The High Line has been open on the West Side of Manhattan for five years now. From the get-go, the park has had this dichotomy of being both for the people, being free of admission, and for the rich, located in one of the most exclusive zip codes in the country if not the world. It was beautiful as a space to visit, but to use it as one would traditionally use a park, you’d have a long trip everyday to walk your dog, if you didn’t qualify for a loan for a local $1500/sf apartment in a new state-of-the-art glistening modern condo.

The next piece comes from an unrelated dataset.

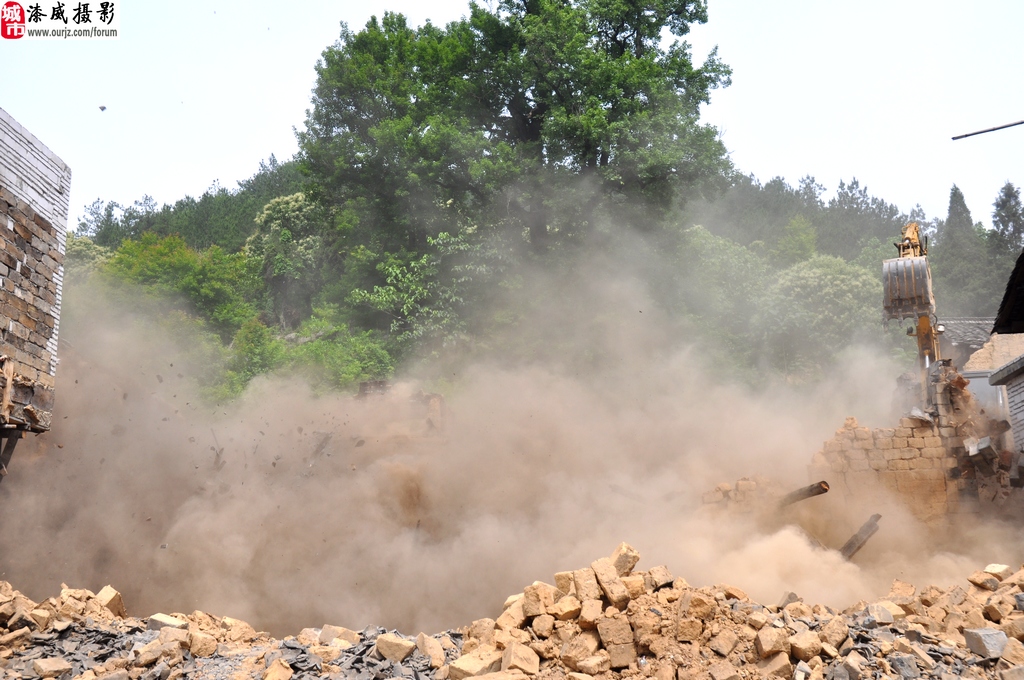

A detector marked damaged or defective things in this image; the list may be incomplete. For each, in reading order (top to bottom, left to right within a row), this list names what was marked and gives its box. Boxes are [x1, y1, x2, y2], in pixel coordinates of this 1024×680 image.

damaged wall [0, 109, 70, 432]
rusty metal pipe [774, 481, 831, 507]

The High Line, at first, was just like all those shiny sleek towers. The modern granite pavers swooped among the old rails, dotted with precision stainless steel details and crisp ipe wood relief from the stone and metal. The landscaping was perfectly manicured, and the entire effect seemed an appropriate front yard to striking modern landmarks like the Standard Hotel.

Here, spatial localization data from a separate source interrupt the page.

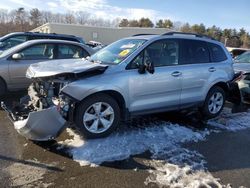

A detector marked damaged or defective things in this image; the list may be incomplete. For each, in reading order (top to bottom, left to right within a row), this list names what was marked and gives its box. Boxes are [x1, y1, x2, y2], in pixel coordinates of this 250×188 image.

crumpled hood [26, 58, 108, 78]
detached front bumper [0, 103, 66, 141] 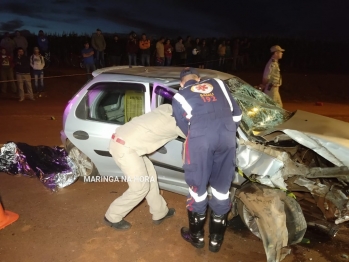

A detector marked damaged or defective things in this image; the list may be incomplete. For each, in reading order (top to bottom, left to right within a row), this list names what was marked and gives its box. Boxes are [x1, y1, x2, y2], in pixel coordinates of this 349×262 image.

wrecked car [59, 66, 348, 260]
shattered windshield [223, 75, 290, 136] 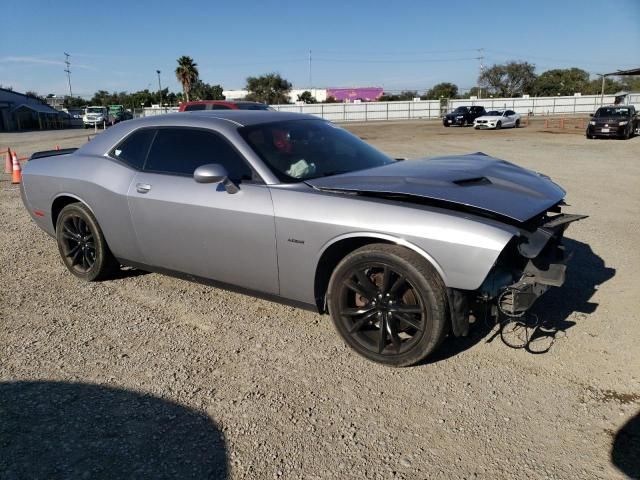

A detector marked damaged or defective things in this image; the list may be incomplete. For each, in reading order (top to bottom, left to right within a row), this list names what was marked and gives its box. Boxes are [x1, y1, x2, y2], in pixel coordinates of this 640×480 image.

front-end collision damage [448, 210, 588, 338] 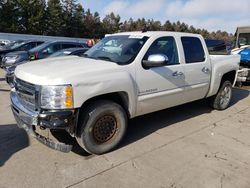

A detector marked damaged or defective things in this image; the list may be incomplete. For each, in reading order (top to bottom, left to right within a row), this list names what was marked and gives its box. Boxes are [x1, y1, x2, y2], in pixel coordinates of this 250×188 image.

damaged front bumper [10, 90, 76, 153]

Ironically, the space that inspired the entire project was anything but sleek and shiny. Lost among the investment was the feeling of an oasis above the city that I imagine once secretly reigned there.
What has now begun to happen is remarkable to see. As the forest grows and the bushes envelope some of the metal sculpture, the feeling of a floating overgrown forgotten oasis has definitely increased. The fact that we were at the height of the autumn foliage season at magic hour didn’t hurt. Some areas had even developed a canopy and undercanopy layer, making our urban hike feel more like a walk in the woods upstate.
We found that the most successful moments (our favorite moments) in THIS version of the park are not when it interacts with those snazzy chrome buildings that its initial state inspired both in form and in shiny-ness. They are when it interacts with the more subtle developments and the well-executed renovated brick warehouses and tenements. The park feels like a backyard that belongs to these tenants, much more personal, and the bright shiny towers are points of interest in between, which act more like fishbowls for the public to see how the rich and famous live (at least for the park-adjacent units).
Not that the intermittent shiny moments aren’t nice - it’s just that they aren’t true to the place’s nature; and they may not hold up over time. The High Line remains one of the great public urban spaces of this century. It has become a living thing, and I’m excited to return often and see how it evolves over the decades.